Europe's "Cultural Suicide": the Norway Shootings
The bombing and massacre in Norway, like most such cases, are triggering an attempt to understand what lay behind them. Sometimes nothing more than sheer insanity is the explanation. But in this instance, Anders Behrin Breivik, who has confessed to the bombing of government offices and shootings, apparently left behind a manifesto decrying the "cultural suicide" of Europe. Apparently he also saw the writings of the Unabomber as an inspiration.
It's an old lament, one that evokes Europe's fall at the hands of the barbarians. Does he invoke Charles Martel battling on behalf of Christendom as well? It's become a constituent part of European mytthology to evoke the Muslim threat. For decades magazines on the right have sought to uphold the idea of European blood and soil, to fan an old toxic nationalism back into life.
Here is what the Los Angeles Times reports about Breivik, who liked to haunt internet sites that touted his kind of thinking:
The chilling manifesto advocates an armed campaign against the Muslims it says are overrunning Europe. A hate-filled brew of political, ideological and militaristic cant, the treatise denounces Europeans who support multiculturalism and argues for spectacular violence using tactics similar to those seen Friday, such as adopting a police disguise to fool victims before killing them.
In his synoptic survey of the European right, the scholar Ian Kershaw concluded in the National Interest that perhaps the right could make a comeback if economic conditions became dire enough in Europe. Already far-right parties are making a comeback in countries such as Austria, where the Freedom Party, which has always served as a gathering point for former Nazis, could form the next government. So it isn't just the Scandinavian countries that are redoubts of the far right. Interestingly, Germany is the one place where the far right does not seem to have much of a toehold. The right is simply taboo. There is a party called die Linke, or the Left, but no party called die Rechte, or the Right, exists.
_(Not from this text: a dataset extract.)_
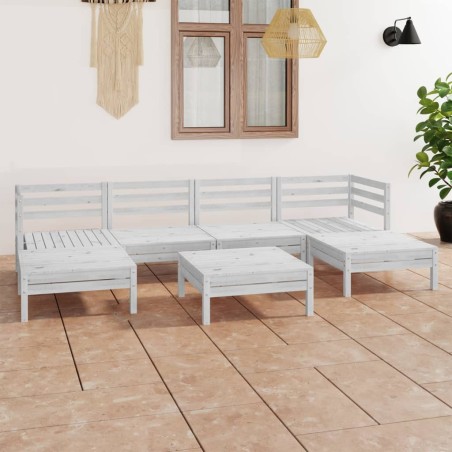 vidaXL Juego de muebles de jardín 7 pzas madera maciza de pino blanco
But all around Germnay the right appears to be experiencing an upsurge in popularity. It would be no small irony if Germany ends up an island of tolerance in the midst of a sea of anger at Muslims.
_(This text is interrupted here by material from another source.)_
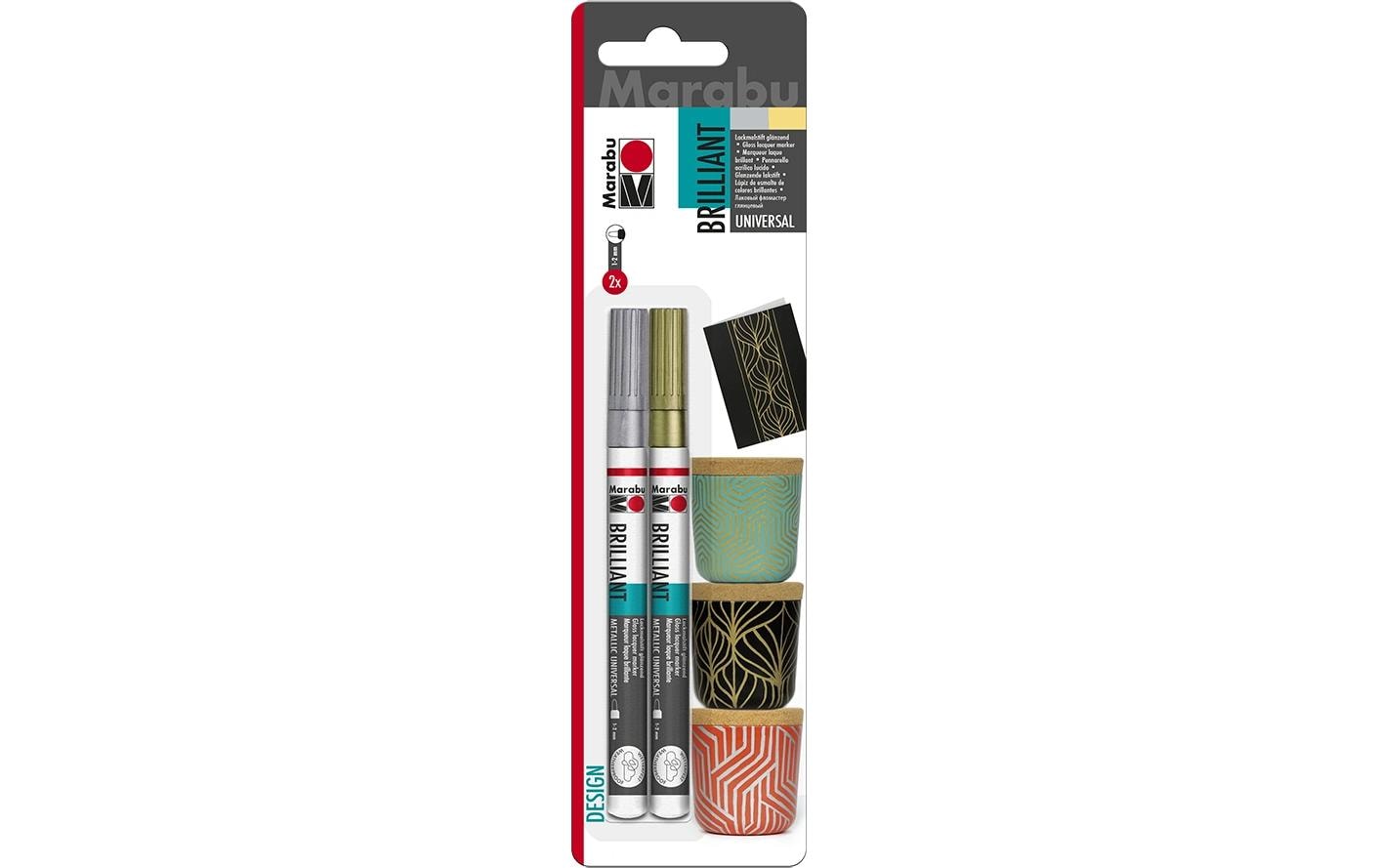 Marabu Lackmalstift BRILLIANT painter 2 x 1-2 mm, Kartengestaltung silber + gold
But a specter is now haunting Europe—the specter of a revived right that is ready to practice violence against an allegedly pusillanimous establishment that refuses to tackle the issue of Muslim immigration. Islamic terrorists, in their Leninist mindset, will welcome any intensification of the battle. They want to inflame the continent. So Europe, already in rough shape, may be in for even rougher times.